> **What you need to do**: Repeat exactly, and nothing more, the lines from the one that includes "DINOMAX™ – DINOSAURO TELECOMANDATO" through the final line of the entries; skip the pictures.
== == ==
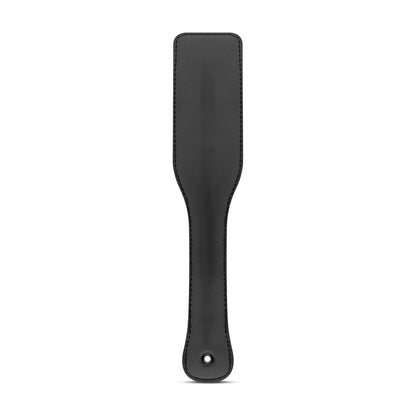 Kunstleren Paddle - Zwart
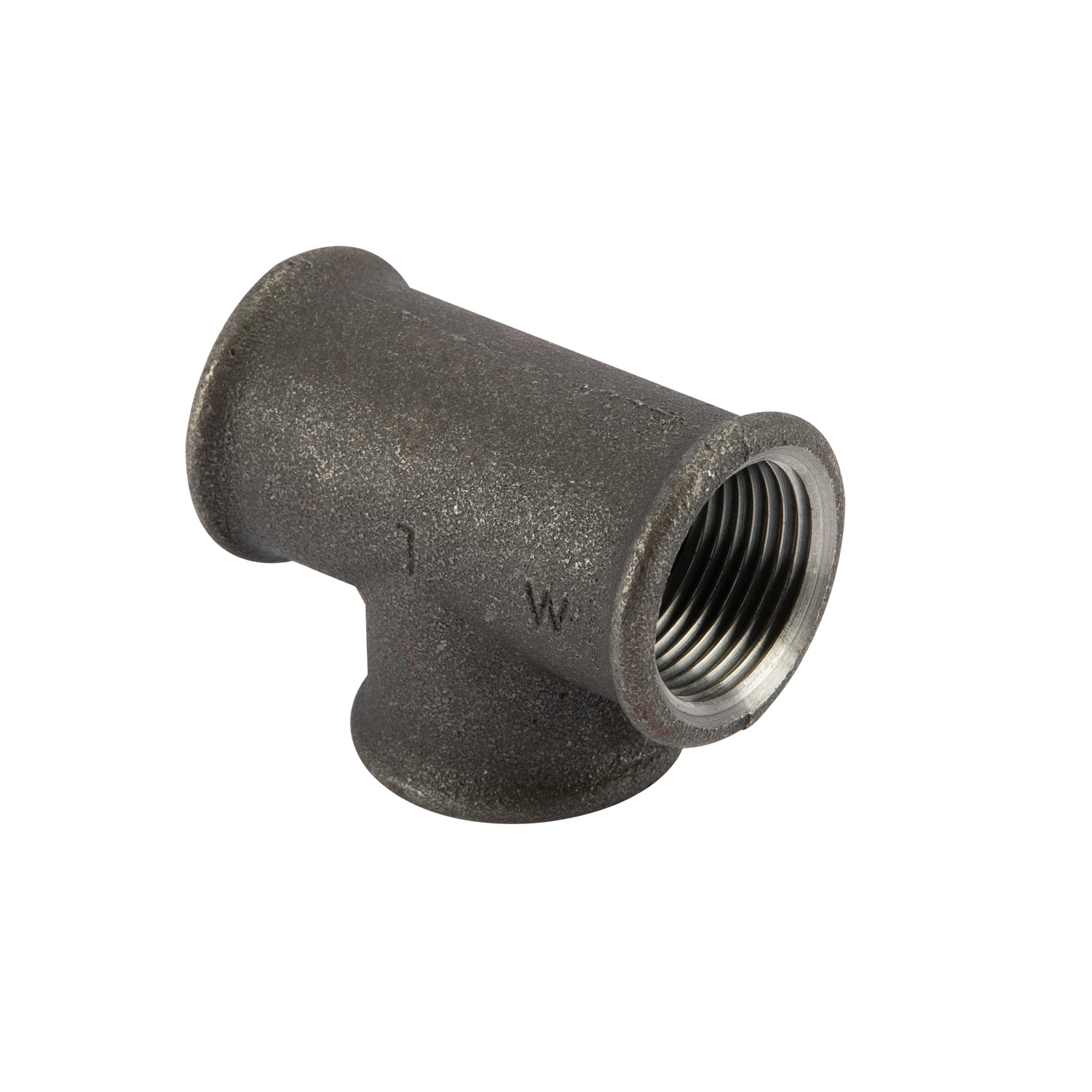 Teu BERG MONTANA FITTINGS, interior, 1", metal, negru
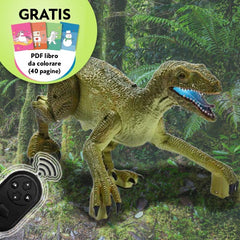 DINOMAX™ – DINOSAURO TELECOMANDATO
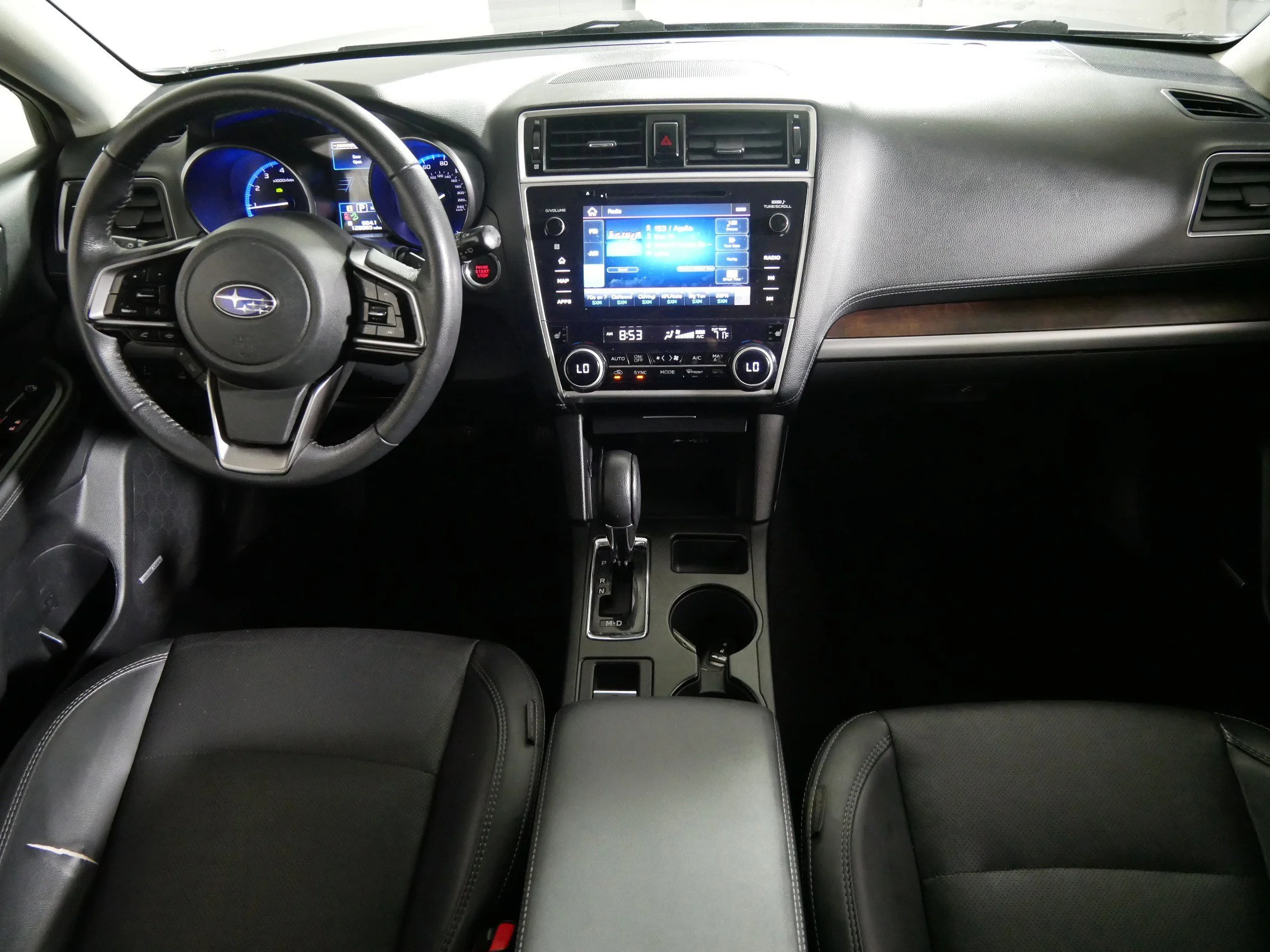 Used 2019 Magnetite Gray Metallic Subaru Limited image 10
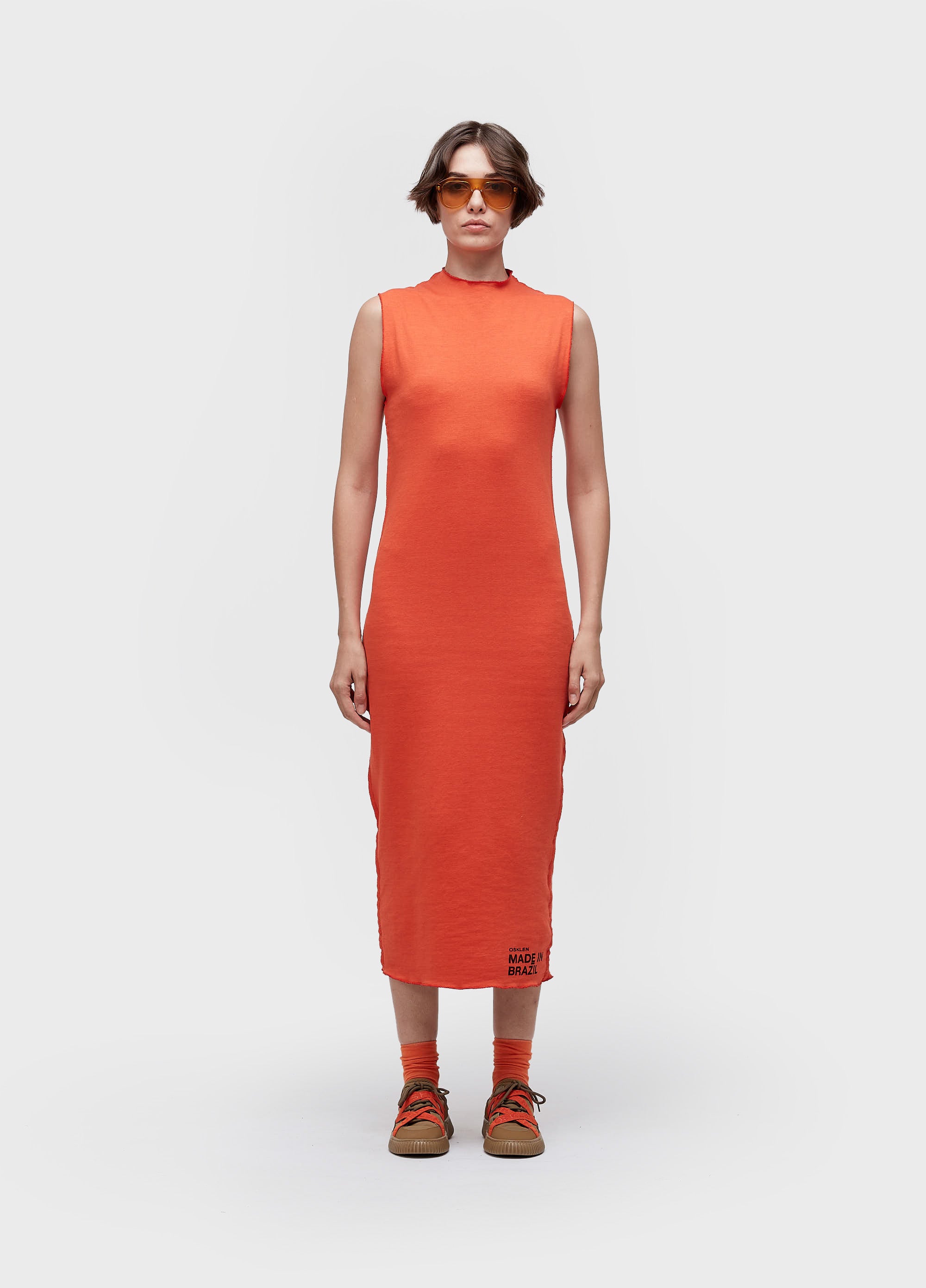 VESTIDO CAVADO DOUBLE FACE RUG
== == ==
> **Finished exercise**:
 DINOMAX™ – DINOSAURO TELECOMANDATO
 Used 2019 Magnetite Gray Metallic Subaru Limited image 10
 VESTIDO CAVADO DOUBLE FACE RUG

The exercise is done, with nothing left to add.